Kitchen confidential: my 54 closed cook books and six-dish repertoire
‘ALL I have to do now is consider my meatzza,” Nigella Lawson said in last week’s episode of her new cookery series, Nigellissima. “My meatzza is a wondrous thing.”
I don’t want to be rude about Nigella’s meatzza. I’m sure it is wondrous – even if it sounded as if it had been conceived in a cloud of marijuana smoke by a 16-year-old Masterchef fan; and even if the finished product resembled a small animal that had met its demise on a busy stretch of motorway.
The point of the meatzza – which is a pizza “but instead of having a bread base it’s got like a meatball mixture that was squished flat into a disc” – isn’t whether it tastes good. Because, as Nigella knows, we don’t actually watch cookery programmes to find out what, or even how, to cook.

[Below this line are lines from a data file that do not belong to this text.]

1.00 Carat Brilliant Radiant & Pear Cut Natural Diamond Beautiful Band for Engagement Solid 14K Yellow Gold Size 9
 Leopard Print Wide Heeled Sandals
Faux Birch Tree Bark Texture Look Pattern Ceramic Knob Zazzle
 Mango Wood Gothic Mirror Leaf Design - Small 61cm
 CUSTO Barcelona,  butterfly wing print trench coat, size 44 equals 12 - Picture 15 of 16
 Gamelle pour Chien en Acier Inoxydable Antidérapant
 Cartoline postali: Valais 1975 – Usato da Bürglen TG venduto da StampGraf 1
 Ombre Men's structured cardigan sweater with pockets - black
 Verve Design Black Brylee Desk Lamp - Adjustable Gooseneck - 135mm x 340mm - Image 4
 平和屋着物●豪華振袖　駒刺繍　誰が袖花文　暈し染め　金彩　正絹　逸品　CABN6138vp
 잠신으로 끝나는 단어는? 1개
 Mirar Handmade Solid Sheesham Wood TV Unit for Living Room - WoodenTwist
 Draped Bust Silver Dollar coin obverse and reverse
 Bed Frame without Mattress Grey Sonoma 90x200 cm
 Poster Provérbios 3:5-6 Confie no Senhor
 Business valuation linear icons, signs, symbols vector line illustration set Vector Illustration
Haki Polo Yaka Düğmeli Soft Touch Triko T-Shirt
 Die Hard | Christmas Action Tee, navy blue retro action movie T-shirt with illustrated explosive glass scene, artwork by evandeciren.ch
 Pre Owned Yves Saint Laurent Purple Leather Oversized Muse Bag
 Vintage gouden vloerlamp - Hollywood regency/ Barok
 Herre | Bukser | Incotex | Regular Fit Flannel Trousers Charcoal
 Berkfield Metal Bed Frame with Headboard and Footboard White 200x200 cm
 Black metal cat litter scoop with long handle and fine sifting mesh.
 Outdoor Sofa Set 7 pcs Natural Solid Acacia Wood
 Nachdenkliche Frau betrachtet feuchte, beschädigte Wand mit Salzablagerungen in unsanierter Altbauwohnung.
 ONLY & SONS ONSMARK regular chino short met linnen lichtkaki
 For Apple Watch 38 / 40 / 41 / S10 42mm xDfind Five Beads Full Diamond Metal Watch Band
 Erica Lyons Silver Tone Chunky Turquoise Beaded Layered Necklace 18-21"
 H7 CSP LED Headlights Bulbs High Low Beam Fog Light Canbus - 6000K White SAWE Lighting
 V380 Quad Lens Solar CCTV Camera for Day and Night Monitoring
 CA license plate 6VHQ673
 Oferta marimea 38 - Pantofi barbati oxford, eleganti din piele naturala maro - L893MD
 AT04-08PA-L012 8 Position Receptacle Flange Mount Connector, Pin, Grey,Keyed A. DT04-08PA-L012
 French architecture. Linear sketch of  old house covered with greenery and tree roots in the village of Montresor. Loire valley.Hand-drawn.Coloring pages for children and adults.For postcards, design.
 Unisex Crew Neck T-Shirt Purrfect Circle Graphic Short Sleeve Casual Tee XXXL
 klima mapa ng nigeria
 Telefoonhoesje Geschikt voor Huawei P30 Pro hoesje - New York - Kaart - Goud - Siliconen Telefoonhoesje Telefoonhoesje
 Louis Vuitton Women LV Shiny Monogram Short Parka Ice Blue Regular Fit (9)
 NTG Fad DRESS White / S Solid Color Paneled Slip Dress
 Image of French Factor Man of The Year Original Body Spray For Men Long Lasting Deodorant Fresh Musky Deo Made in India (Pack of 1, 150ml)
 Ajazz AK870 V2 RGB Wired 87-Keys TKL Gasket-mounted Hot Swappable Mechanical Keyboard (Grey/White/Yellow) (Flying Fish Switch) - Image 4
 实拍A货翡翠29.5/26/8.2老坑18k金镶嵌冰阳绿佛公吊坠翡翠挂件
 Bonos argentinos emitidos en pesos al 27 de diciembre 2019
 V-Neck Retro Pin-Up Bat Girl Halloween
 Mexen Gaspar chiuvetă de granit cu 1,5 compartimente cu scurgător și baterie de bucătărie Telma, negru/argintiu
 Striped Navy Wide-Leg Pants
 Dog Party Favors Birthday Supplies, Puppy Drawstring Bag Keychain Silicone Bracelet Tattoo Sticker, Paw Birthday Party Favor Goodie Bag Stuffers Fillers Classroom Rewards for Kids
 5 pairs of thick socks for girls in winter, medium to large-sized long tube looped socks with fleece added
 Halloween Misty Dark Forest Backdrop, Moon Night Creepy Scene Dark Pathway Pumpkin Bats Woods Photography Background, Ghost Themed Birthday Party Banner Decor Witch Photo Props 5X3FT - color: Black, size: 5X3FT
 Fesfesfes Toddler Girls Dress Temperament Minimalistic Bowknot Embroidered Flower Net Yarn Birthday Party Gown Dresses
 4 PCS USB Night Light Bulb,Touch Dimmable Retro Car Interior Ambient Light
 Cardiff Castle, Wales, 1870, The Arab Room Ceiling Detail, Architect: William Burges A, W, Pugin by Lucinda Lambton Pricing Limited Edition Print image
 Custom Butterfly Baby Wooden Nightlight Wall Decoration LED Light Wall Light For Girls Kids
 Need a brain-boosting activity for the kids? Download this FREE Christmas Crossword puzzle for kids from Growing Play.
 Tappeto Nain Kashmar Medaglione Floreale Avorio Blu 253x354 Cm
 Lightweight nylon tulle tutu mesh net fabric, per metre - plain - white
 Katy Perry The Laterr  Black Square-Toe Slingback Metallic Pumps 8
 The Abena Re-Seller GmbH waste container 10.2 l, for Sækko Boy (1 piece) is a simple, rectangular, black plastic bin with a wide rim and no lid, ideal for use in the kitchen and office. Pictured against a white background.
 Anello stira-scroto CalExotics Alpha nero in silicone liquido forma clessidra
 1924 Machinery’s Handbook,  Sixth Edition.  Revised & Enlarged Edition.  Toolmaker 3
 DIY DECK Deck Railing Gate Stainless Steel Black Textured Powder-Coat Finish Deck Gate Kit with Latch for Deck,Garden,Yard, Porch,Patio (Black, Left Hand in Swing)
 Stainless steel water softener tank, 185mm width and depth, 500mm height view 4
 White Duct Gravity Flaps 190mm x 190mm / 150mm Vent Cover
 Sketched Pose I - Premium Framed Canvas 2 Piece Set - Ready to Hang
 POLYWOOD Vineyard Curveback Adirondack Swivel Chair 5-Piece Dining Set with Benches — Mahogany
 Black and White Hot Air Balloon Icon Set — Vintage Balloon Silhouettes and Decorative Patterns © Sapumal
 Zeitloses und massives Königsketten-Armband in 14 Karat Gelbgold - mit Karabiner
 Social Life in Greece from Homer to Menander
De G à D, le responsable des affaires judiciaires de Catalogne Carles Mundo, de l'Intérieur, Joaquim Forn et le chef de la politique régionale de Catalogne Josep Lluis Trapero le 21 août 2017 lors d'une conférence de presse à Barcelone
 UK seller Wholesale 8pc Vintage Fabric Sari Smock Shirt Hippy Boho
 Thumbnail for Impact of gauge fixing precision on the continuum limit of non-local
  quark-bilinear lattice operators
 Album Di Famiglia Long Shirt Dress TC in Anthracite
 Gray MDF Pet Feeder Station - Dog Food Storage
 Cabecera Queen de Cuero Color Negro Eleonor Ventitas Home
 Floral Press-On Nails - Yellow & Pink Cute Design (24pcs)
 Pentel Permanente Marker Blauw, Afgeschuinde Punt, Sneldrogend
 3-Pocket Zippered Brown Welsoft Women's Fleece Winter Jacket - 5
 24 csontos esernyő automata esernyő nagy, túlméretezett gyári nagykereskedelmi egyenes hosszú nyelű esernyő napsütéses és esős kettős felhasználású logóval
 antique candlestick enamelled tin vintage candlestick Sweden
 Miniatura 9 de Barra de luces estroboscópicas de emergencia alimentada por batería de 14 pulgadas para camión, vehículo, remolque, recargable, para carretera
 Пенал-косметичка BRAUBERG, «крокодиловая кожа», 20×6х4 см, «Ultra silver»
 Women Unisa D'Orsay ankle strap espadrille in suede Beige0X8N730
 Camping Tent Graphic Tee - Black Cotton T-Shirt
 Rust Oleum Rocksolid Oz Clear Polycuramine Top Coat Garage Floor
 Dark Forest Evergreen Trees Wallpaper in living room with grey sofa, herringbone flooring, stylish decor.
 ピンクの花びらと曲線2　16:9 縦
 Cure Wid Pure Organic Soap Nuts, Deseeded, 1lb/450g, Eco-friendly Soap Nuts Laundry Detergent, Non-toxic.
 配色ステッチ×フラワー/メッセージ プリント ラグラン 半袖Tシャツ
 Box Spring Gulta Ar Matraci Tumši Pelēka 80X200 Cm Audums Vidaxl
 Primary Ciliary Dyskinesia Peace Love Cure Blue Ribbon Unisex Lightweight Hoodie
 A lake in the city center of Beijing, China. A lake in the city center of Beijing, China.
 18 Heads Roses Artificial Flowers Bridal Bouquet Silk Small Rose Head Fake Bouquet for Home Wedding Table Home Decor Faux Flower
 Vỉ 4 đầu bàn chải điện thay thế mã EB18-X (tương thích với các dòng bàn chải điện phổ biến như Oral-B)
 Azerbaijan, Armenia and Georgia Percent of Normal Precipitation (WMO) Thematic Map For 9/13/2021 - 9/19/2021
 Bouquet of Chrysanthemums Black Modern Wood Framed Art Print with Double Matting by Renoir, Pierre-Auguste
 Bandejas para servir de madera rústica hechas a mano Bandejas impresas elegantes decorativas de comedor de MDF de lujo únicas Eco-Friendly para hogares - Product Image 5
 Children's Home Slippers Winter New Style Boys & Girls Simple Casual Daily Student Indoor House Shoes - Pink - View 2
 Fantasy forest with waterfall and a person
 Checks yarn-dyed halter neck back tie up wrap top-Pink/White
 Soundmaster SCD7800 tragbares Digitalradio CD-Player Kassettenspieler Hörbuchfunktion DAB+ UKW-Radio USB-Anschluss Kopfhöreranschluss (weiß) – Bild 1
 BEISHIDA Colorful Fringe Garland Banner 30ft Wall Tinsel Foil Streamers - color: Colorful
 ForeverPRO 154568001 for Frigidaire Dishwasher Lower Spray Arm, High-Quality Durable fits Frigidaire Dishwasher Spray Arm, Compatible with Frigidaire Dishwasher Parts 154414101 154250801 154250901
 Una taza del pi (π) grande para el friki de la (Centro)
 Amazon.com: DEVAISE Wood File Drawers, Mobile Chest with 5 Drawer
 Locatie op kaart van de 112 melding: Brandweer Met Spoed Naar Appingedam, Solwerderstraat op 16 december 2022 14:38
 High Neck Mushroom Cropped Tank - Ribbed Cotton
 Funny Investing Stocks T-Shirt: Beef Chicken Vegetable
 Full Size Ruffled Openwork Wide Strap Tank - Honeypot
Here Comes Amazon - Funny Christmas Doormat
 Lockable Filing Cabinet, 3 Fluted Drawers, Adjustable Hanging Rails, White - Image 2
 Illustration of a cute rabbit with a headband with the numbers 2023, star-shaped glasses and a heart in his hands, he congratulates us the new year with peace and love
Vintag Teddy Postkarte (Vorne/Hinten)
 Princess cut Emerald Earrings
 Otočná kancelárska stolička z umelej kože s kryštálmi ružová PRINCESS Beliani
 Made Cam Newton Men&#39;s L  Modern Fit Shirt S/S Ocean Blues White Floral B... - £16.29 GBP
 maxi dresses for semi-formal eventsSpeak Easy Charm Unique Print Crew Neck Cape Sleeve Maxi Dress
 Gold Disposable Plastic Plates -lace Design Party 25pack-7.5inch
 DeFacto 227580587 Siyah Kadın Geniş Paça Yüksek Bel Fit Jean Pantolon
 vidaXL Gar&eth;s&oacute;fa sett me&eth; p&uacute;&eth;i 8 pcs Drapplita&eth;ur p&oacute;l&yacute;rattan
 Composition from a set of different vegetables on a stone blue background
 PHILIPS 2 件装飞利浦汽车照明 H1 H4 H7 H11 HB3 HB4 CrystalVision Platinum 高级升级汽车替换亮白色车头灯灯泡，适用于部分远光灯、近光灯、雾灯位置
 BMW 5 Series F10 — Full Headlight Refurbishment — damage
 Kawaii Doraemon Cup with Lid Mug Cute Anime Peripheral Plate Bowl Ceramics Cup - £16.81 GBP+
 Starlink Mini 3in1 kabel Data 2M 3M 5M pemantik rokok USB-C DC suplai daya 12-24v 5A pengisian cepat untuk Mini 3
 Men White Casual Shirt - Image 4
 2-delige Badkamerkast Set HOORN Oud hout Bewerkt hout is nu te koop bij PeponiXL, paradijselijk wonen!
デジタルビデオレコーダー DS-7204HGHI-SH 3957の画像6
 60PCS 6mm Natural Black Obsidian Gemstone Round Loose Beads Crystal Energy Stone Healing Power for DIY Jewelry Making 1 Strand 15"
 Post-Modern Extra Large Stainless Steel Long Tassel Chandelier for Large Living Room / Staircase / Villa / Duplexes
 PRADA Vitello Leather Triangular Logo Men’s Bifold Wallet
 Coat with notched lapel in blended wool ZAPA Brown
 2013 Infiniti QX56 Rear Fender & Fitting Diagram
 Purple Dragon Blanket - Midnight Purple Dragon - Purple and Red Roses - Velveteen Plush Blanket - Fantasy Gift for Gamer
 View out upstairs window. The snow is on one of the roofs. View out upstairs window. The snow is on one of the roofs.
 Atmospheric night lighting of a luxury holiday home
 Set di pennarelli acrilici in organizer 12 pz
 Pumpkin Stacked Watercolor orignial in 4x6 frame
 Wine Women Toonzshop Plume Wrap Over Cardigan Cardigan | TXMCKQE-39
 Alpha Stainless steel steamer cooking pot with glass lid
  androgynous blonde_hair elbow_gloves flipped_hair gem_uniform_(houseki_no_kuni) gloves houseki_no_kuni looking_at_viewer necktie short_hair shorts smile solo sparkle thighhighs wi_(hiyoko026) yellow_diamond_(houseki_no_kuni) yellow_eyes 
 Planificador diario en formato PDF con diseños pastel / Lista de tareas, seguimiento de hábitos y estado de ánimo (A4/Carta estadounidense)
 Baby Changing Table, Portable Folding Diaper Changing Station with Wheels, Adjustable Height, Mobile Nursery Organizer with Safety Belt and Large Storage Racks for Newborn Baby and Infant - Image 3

By the time we reach adulthood, our repertoire of dishes is as impressive as it’s going to get, give or take the occasional post-holiday experiment with a saffron orzotto or a seafood paella. According to Bord Bia’s Last Night’s Dinner survey, published earlier this year, on any given night, six in 10 Irish people will dine on meat and two veg. Spaghetti bolognese and roast chicken are perennial favourites. In other words, we’re hardly a nation of Heston Blumenthals.
But that doesn’t stop us fantasising. Rachel Allen’s Cake was at number three in the Irish hardback non-fiction charts last week, while the Hairy Bikers’ Hairy Dieters was at four in paperback non-fiction. Over on Amazon.co.uk, four of the top 10 best-selling books are about food: the Hairy Bikers were nudged down the list by JK Rowling; then there’s Gordon Ramsay’s Ultimate Cookery Course, Jamie’s 15-Minute Meals and, of course, Nigella at the top spot.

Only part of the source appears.